(ABOUT THIS EXERCISE)
With pictures excluded, retype exactly every line from the one containing "Việc ch&uacute;c ph&uacute;c" to the end of the records below.

Pictures with short captions
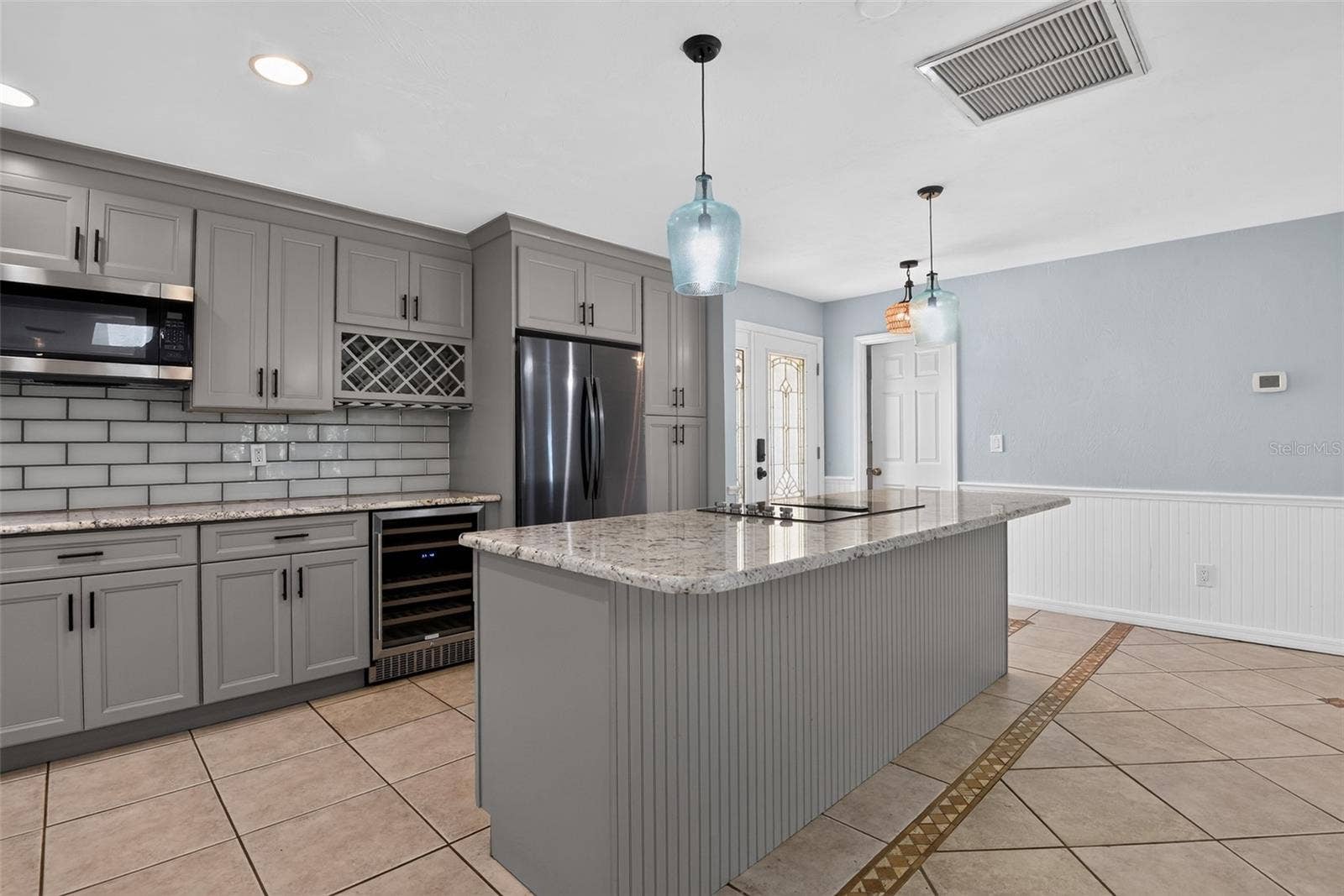 408 PALM AVENUE, Ormond Beach, FL 32174 408 PALM AVENUE, Ormond Beach, FL 32174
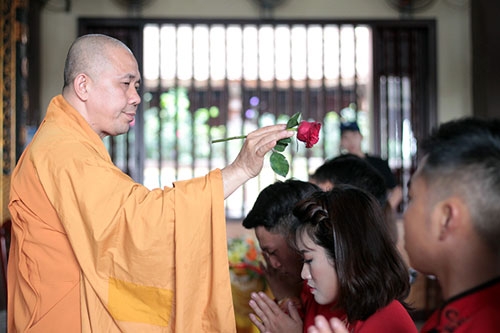 Việc ch&uacute;c ph&uacute;c cho hạnh ph&uacute;c mới của đ&ocirc;i trẻ mang &yacute; nghĩa nh&acirc;n bản, đ&uacute;ng tinh thần từ bi của đạo Phật. Với l&yacute; do đ&oacute;, ng&agrave;y nay c&agrave;ng nhiều đ&ocirc;i trẻ lựa chọn nh&agrave; ch&ugrave;a l&agrave; nơi dẫn dắt họ v&agrave;o cuộc sống h&ocirc;n nh&acirc;n để x&acirc;y dựng m&aacute;i ấm hạnh ph&uacute;c v&agrave; hướng thiện.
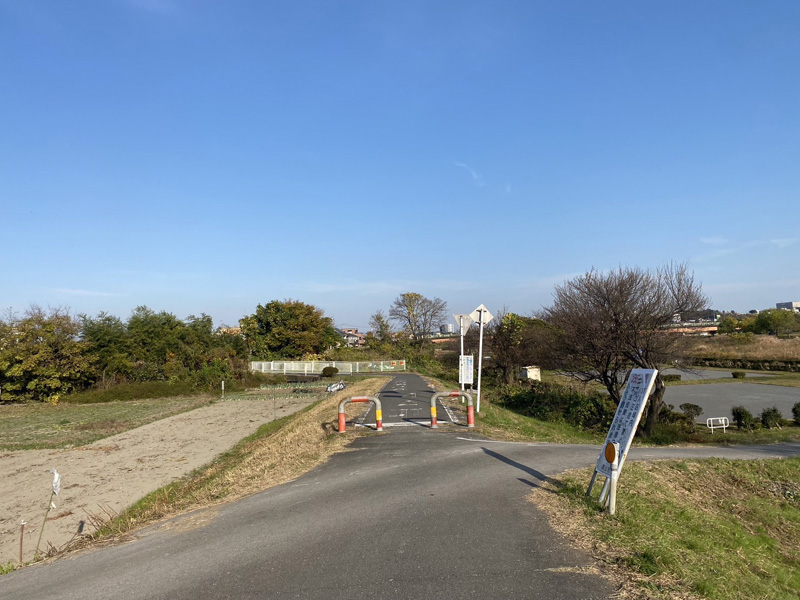 埼玉県内河川敷 伐採工事 完了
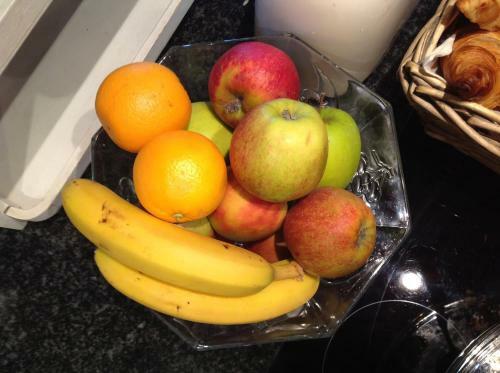 B&B Fruithof Tack
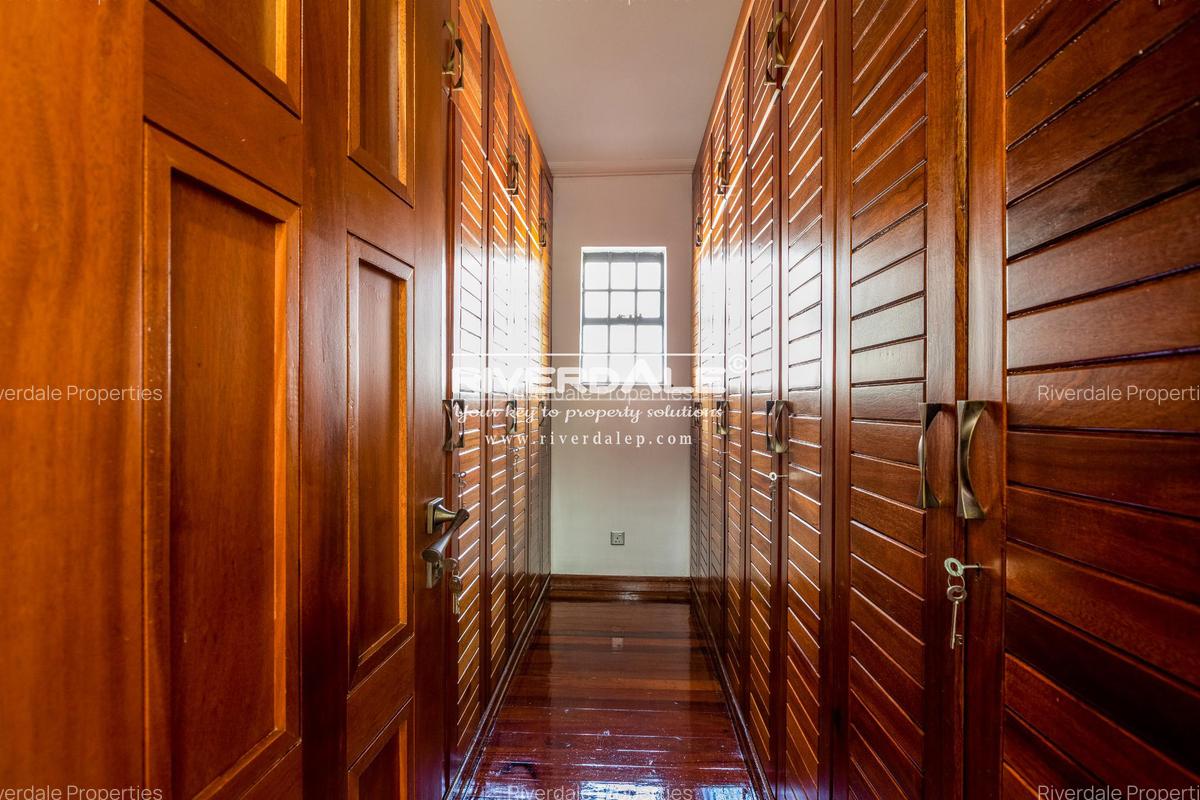 4 Bed Villa with En Suite in Westlands Area - 12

(TASK RESPONSE)
 Việc ch&uacute;c ph&uacute;c cho hạnh ph&uacute;c mới của đ&ocirc;i trẻ mang &yacute; nghĩa nh&acirc;n bản, đ&uacute;ng tinh thần từ bi của đạo Phật. Với l&yacute; do đ&oacute;, ng&agrave;y nay c&agrave;ng nhiều đ&ocirc;i trẻ lựa chọn nh&agrave; ch&ugrave;a l&agrave; nơi dẫn dắt họ v&agrave;o cuộc sống h&ocirc;n nh&acirc;n để x&acirc;y dựng m&aacute;i ấm hạnh ph&uacute;c v&agrave; hướng thiện.
 埼玉県内河川敷 伐採工事 完了
 B&B Fruithof Tack
 4 Bed Villa with En Suite in Westlands Area - 12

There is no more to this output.